• EXERCISE BRIEF: Only the text carries over: repeat the records exactly and drop the images.

*** DATA TO EXAMINE Section Begins ***

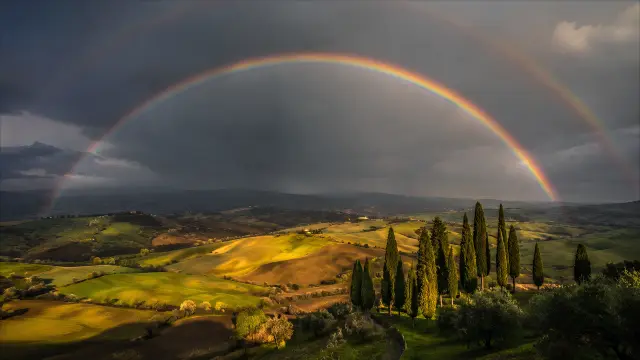 Doble arcoiris sobre paisaje colinoso y cipreses
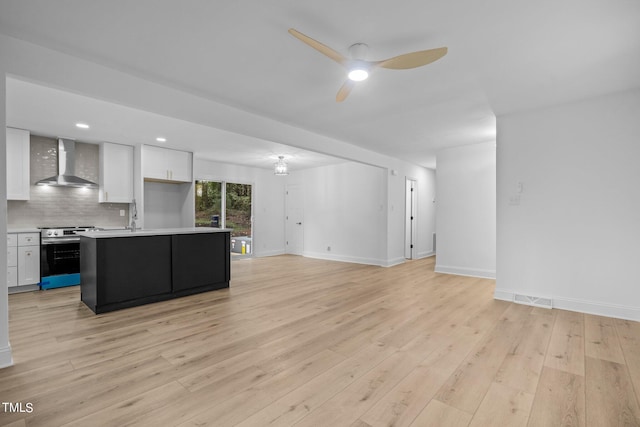 unfurnished living room featuring visible vents, a sink, baseboards, a ceiling fan, and light wood-style flooring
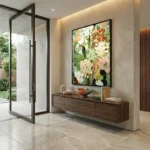 Contemporary hand-painted canvas of layered florals in cream, blush and sage tones, modern entryway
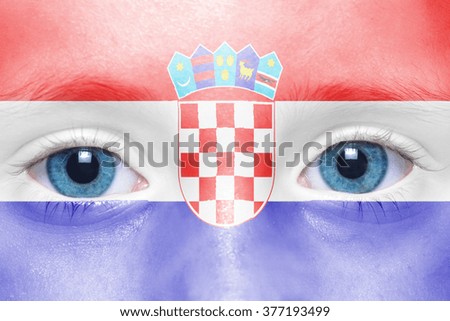 child's face with croatian flag 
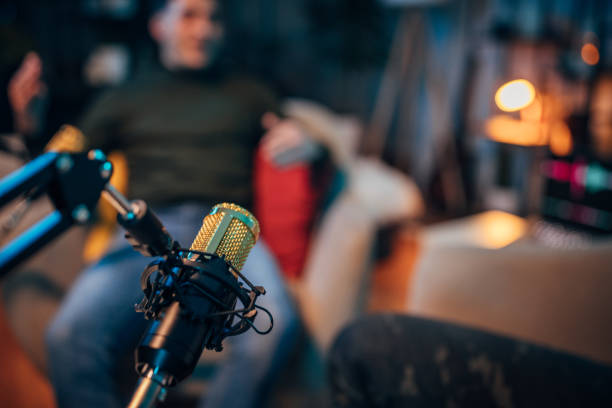 istock People in the podcast studio talking and recording 1465558541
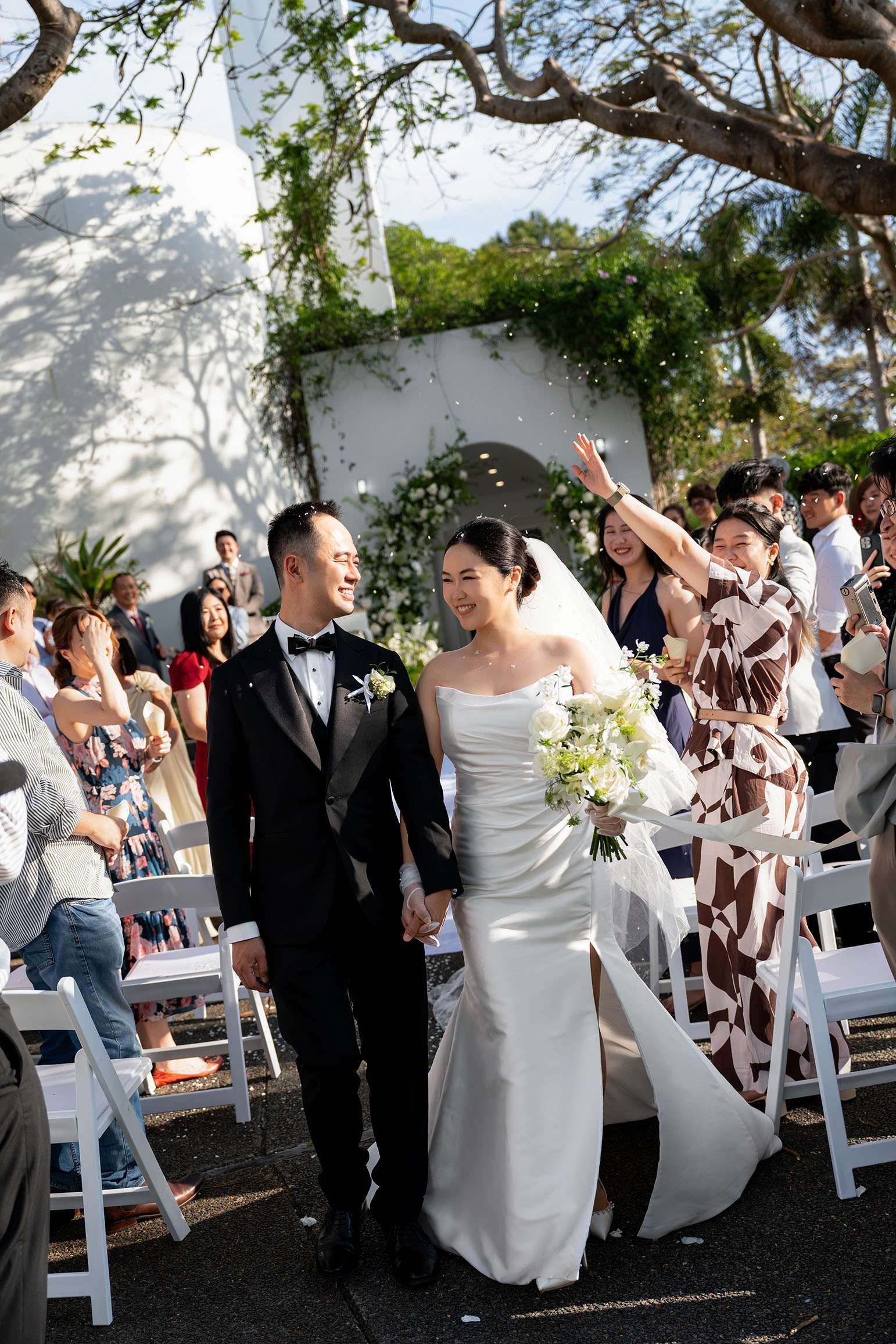 Alex and Wendy holding hands walking down the aisle after wedding ceremony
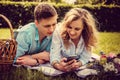 Casual young couple relaxing on a lawn. Royalty Free Stock Photo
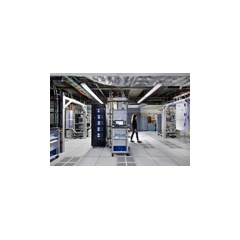 IBM Q computation center - Inside the first IBM Q computation center, dilution refrigerators with microwave electronics (middle) that operate IBM Q Network clients� cloud access to 20 qubit processor. (Credit: Connie Zhou)
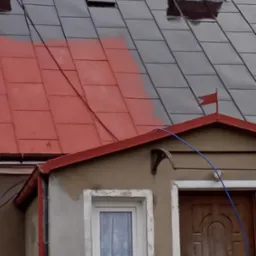 Częściowo pomalowany dach z blachy trapezowej na czerwono, widoczny komin z cegły, fragment rynny i okna. Ujęcie z dołu, widoczne ślady po farbie.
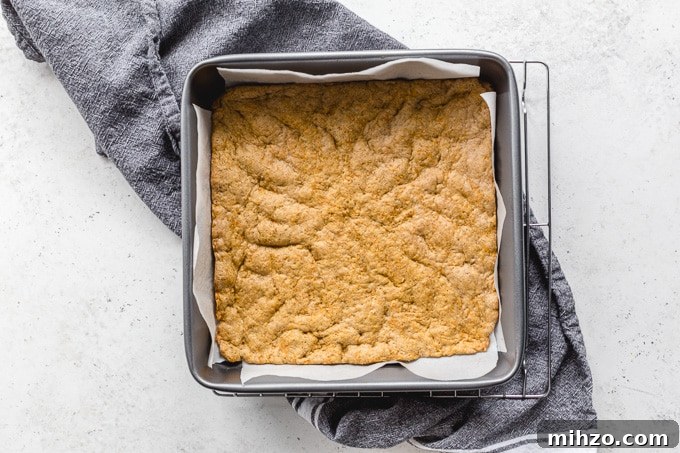 Carrot cake cookie layer baked up in a square pan.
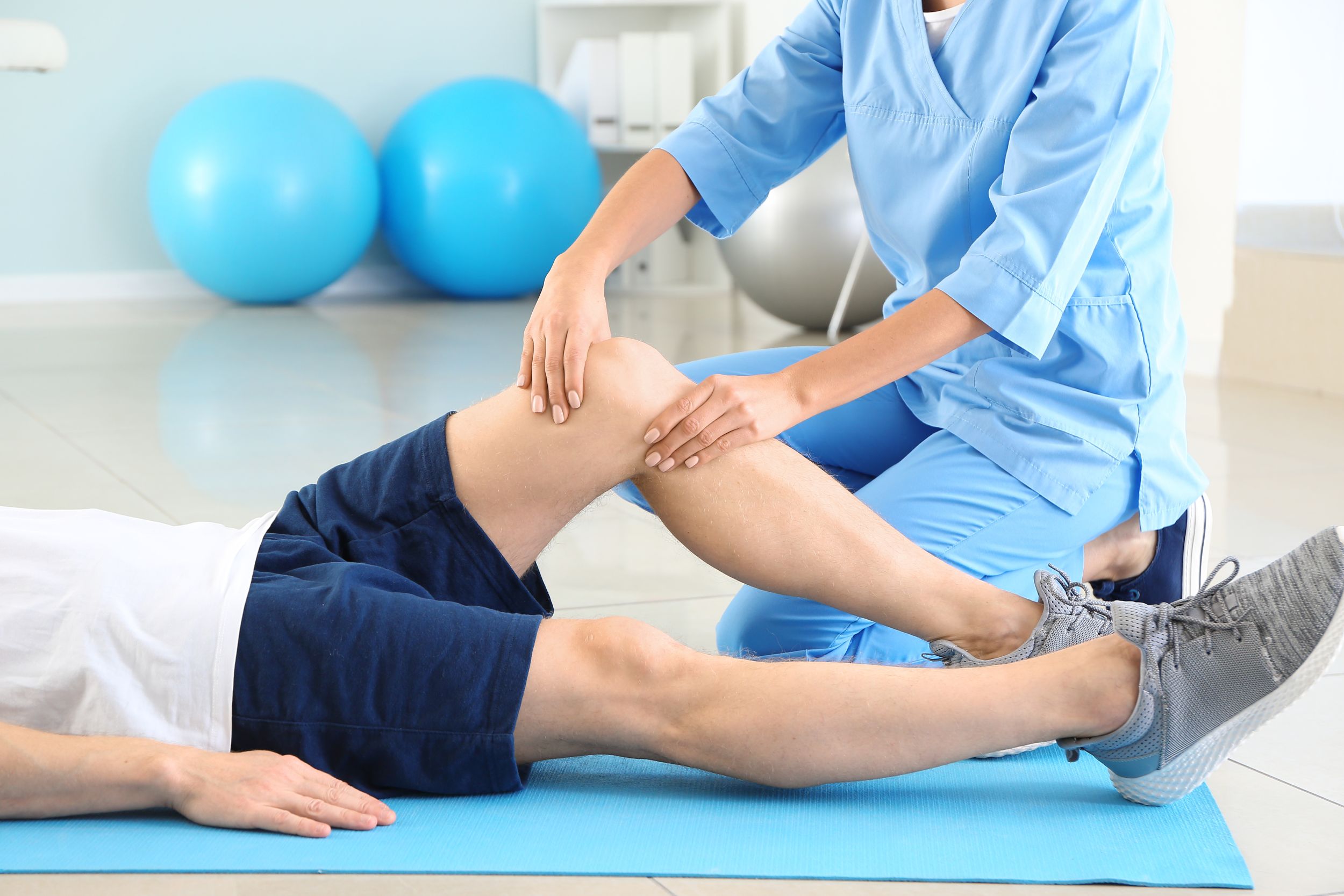 Physical therapist hands-on treatment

*** DATA TO EXAMINE Section Ends ***

• RESULT BELOW:
 Doble arcoiris sobre paisaje colinoso y cipreses
 unfurnished living room featuring visible vents, a sink, baseboards, a ceiling fan, and light wood-style flooring
 Contemporary hand-painted canvas of layered florals in cream, blush and sage tones, modern entryway
 child's face with croatian flag 
 istock People in the podcast studio talking and recording 1465558541
 Alex and Wendy holding hands walking down the aisle after wedding ceremony
 Casual young couple relaxing on a lawn. Royalty Free Stock Photo
 IBM Q computation center - Inside the first IBM Q computation center, dilution refrigerators with microwave electronics (middle) that operate IBM Q Network clients� cloud access to 20 qubit processor. (Credit: Connie Zhou)
 Częściowo pomalowany dach z blachy trapezowej na czerwono, widoczny komin z cegły, fragment rynny i okna. Ujęcie z dołu, widoczne ślady po farbie.
 Carrot cake cookie layer baked up in a square pan.
 Physical therapist hands-on treatment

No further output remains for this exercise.